Those who have been following this triptych from the beginning may recall an original posting that said we were traveling with Taos, the greyhound, to Taos, the place.

We started the trip with some misgivings, this being the first time we have traveled with Taos in the car.
All has gone well so far.

So, on one of our last days in Santa Fe, we finally coaxed Taos into the back of the Honda Element again and took off for Taos.
Her transport has been one of experimentation. We laced four bungee cords across the cargo area – after removing the second row of seats. These criss-crossed from roof to floor with space between them to place two pads that we brought from Taos’s sleeping arrangements in Florida. We wedged the pads between the bungee cords, which supported them upright, and placed her bed on the cargo area floor. A First Class traveling compartment for our Queen.

We drove through the Town of Taos all the way up to the Ski Valley.
Several years ago, Randy, our son, and Bill built a 10-unit ski lodge in the Taos Ski Valley. We named it Taos Mountain Lodge. Randy operated it for seven years, and actually made money at it, at least when the winters were abundant with snow. In bad snow years, it was a struggle akin to a drought in the prairie. After seven years it was time to sell it to another “snow farmer”.

We don’t go back up to the Ski Valley often since we have “outgrown” skiing and never had time on our buying trips to take the
drive up the winding Ski Valley road to that 9,000-foot elevation. But we did it this time. It was our first stop. Then it was portrait time for Susanne and Taos in front of the Taos Mountain Lodge sign. As we drove back down , we reminisced about the many, many good times we had there. Along the way, we stopped at the Taos Cow Ice Cream shop and deli. We have a long history with Taos Cow ice cream, from designing advertising for it to Randy’s participation with the management of the company. It really is excellent ice cream, with a sinful butterfat content and flavors like pinon caramel, holstein sunset and chocolate oreo. Yes. We succumbed. But just one scoop between us. In the Town of Taos, we toured the plaza. We had spent many hours there in the past and it was nice just to see it again. The plaza has changed little but the shops surrounding it have changed a lot. Many of the Indian art shops and galleries that we used to visit have been replaced by more pedestrian, commercial entities.

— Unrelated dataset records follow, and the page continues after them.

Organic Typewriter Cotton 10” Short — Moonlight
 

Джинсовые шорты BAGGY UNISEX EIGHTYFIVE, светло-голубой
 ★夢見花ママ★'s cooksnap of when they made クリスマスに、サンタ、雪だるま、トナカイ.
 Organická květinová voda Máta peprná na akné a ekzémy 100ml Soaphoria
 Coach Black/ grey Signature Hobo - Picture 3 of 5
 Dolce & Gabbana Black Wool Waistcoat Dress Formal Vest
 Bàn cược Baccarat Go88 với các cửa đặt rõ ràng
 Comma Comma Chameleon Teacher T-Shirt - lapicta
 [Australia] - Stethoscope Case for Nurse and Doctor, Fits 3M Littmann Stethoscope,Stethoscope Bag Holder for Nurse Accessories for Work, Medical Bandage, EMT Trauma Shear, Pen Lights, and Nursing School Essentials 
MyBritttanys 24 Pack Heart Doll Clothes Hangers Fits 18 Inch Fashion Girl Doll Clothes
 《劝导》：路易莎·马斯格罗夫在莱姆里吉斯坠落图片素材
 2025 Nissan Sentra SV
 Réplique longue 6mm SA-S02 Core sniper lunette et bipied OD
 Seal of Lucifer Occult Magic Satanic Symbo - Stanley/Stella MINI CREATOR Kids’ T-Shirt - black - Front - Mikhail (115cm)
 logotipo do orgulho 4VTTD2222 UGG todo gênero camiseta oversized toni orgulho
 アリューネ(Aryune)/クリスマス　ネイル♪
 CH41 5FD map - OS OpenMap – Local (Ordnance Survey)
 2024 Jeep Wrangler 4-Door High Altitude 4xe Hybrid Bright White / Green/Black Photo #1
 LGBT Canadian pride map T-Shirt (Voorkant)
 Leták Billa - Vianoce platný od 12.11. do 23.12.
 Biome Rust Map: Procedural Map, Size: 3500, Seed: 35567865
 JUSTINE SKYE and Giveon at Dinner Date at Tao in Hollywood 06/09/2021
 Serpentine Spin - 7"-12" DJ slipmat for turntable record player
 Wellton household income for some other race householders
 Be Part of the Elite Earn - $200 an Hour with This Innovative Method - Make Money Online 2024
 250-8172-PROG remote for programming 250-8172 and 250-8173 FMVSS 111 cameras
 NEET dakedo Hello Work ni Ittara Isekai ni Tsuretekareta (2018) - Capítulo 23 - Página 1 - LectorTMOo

Finally, we stopped for late lunch/early dinner (linner?) at Embudo Station in the small village of Embudo on the river road between Santa Fe and Taos. Tables are set out on a patio overlooking the Rio Grande as it flows south toward Albuquerque. Just upriver are the rapids that have launched a zillion rafters and kayakers. At this point, however, the stream becomes shallower and the paddlers have been pulled from the river and packed off on buses before the waters drift past the relaxing diners at Embudo Station.


Embudo Station is named for a long-gone railway station stop. It has been a regular stop for us when we have traveled up or down the river road. It was one of the first places Bill, Randy and Sue stopped for lunch when we drove up to Taos that first year to look for land.

If you are ever in this area, about 41 miles north of Santa Fe, be sure to stop at Embudo Station. Look for the blue bridge that crosses the river from the road to the parking lot. If you get there before the brisket burritos run out, you are in for an eating treat to match the scenery.